In-universe information
- Type: Fictional country
- Locations: Europe

= Veyshnoria =

Fictional state created for Zapad 2017

Veyshnoria (Вейшнория, Вайшнорыя) is a fictional state created for Zapad 2017, a joint Russo-Belarusian military training exercise. It neighbours Belarus and is an enemy of the Union State. Veyshnoria occupies most of Grodno Region and the northwestern parts of the Minsk and Vitebsk regions.
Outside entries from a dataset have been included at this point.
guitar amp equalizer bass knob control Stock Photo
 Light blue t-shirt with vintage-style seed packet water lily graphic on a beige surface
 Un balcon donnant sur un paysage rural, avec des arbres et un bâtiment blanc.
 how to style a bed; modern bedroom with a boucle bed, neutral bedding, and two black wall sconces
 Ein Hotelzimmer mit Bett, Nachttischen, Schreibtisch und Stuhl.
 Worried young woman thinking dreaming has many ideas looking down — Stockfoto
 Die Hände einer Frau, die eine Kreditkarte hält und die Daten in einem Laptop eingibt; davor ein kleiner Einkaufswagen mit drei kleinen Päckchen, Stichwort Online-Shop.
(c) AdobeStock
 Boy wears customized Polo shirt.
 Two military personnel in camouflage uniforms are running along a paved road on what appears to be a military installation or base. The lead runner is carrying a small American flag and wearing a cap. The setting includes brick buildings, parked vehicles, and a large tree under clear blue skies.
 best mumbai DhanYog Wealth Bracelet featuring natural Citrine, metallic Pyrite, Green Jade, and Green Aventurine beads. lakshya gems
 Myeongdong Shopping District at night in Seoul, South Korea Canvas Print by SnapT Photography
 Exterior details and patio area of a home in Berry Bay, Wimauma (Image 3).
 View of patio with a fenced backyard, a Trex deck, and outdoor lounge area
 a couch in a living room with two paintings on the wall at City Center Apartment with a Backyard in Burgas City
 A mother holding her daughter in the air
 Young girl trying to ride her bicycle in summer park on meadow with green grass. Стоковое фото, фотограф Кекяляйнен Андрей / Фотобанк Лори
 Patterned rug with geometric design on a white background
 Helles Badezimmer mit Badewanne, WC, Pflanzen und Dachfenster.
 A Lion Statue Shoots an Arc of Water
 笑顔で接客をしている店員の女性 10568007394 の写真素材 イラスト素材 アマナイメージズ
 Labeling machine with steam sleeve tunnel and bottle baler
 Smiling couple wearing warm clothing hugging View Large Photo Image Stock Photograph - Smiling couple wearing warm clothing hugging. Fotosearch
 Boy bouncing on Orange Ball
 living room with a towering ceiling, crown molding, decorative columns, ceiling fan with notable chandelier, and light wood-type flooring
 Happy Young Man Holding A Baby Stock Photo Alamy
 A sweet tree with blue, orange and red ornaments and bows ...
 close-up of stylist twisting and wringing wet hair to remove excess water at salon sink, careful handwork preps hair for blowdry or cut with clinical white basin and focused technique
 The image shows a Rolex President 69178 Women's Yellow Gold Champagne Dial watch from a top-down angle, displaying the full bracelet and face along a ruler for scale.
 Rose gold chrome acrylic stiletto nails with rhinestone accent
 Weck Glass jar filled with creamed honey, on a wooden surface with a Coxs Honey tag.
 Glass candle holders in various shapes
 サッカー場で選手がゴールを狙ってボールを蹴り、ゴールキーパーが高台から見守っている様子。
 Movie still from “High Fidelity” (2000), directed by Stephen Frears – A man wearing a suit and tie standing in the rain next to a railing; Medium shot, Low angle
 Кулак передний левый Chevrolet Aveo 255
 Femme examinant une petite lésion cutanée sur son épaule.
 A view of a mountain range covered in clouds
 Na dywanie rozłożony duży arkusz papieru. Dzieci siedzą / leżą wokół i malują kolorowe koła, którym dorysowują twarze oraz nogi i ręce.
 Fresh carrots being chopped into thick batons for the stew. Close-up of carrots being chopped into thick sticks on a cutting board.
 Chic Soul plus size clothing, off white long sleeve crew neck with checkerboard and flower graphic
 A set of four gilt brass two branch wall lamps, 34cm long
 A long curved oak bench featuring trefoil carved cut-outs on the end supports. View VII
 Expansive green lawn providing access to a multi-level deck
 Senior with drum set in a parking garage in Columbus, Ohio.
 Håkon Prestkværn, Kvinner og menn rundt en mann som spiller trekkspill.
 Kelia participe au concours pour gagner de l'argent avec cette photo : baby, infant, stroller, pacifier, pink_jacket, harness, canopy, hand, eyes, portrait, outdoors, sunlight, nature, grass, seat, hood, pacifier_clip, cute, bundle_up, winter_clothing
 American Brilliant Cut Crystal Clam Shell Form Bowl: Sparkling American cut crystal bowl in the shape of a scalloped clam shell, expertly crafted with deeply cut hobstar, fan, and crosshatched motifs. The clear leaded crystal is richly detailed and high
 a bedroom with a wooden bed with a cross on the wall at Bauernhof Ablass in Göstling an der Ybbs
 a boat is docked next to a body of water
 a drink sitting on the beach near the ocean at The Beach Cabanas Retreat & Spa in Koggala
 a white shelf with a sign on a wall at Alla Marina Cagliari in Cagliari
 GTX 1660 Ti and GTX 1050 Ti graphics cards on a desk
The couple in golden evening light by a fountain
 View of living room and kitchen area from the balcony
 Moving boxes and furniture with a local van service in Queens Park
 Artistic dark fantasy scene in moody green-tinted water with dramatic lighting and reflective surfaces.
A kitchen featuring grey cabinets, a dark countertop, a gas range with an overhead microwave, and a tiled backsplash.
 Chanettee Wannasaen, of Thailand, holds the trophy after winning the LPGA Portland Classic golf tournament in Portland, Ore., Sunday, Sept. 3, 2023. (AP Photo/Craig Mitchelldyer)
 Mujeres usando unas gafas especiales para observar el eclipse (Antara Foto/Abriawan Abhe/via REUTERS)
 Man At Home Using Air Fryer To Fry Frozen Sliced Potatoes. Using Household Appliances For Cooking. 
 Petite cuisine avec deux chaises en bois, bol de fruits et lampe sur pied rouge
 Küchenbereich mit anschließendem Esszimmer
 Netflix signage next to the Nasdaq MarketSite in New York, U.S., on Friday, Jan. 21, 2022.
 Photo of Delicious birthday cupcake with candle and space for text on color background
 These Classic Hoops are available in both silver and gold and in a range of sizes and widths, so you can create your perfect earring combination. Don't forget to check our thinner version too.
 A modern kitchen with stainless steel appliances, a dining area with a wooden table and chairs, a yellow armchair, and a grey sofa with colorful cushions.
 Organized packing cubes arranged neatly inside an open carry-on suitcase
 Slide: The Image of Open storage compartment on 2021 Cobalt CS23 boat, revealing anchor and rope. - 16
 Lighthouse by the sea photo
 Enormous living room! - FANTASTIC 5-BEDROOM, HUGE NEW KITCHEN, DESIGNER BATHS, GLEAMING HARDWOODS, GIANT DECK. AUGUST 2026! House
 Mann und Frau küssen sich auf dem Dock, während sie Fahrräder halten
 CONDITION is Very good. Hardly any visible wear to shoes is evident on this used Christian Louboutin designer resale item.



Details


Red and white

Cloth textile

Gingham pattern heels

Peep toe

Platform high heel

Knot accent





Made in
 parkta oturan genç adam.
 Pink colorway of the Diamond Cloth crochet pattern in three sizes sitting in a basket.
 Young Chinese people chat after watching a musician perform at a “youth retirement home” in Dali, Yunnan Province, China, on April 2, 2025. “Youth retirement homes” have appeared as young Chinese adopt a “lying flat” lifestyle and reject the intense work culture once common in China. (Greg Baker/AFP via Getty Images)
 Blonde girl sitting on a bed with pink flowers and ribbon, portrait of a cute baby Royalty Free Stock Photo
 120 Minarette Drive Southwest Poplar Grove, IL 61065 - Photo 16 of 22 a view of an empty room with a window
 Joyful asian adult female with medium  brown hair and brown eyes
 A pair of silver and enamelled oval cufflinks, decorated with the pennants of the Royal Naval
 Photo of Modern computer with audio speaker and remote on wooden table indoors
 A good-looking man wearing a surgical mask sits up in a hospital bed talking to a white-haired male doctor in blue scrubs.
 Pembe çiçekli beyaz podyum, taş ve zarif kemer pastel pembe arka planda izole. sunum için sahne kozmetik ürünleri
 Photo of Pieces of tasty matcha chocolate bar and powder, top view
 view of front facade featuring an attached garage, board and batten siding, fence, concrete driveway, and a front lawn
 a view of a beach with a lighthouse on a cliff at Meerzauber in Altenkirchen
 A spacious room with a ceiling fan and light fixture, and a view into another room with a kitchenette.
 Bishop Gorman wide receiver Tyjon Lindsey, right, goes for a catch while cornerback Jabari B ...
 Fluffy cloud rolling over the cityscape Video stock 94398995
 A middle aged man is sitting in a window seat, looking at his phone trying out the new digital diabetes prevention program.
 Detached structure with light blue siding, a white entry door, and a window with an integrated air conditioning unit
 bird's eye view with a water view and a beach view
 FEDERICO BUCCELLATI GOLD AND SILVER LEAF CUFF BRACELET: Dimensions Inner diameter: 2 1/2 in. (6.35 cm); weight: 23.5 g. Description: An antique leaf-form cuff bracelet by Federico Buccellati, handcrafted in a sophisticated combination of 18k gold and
There are two other fictional enemies of the Zapad 2017 participants: Vesbaria and Lubenia.
Lubenia straddles the Suwałki Gap and covers parts of northeastern Poland and southwestern Lithuania, while Vesbaria covers the rest of Lithuania and central Latvia.

The "proclamation" of the state caused a response on the Internet, often humorous. Since September 2017, a web-based Veyshnoria have been proclaimed, which started acquiring the signs of an Internet-based micronation with more than 18,000 people signing for "citizenship".

==Toponymy==
The name "Veyshnoria" comes from the Baltic name of Veisnor (Lithuanian "Vaišnoras", Old Prussian "Waisnor") – vaiš- (vaišės = feast) + nor- (norėti = to will): "one who wills to treat", "hospitable". There are several places in Lithuania called Vaišnoriai (plural for "Vaišnoras"), including Vaišnoriai (Šiauliai), Vaišnoriai (Joniškis).

==Zapad 2017 scenario==
Zapad 2017 was a joint strategic military exercise of the armed forces of Russia and Belarus (the Union State of Russia and Belarus) held 14–20 September 2017, in Belarus as well as in Russia's Kaliningrad Oblast and other northwestern areas.

According to the scenario a conflict between "the North" (the Union State) and "the West" (a coalition of three aggressor states: Veyshnoria, Vesbaria and Lubenia) developed. "The West" tries to split the union of Belarus and Russia, worsen the socio-economic situation in the Union State, and force a change of leadership, and Veyshnoria is trying to annex parts of Belarus. After that, "the West" sends its troops enter the rest of the territory of Belarus. The Union State resists these actions.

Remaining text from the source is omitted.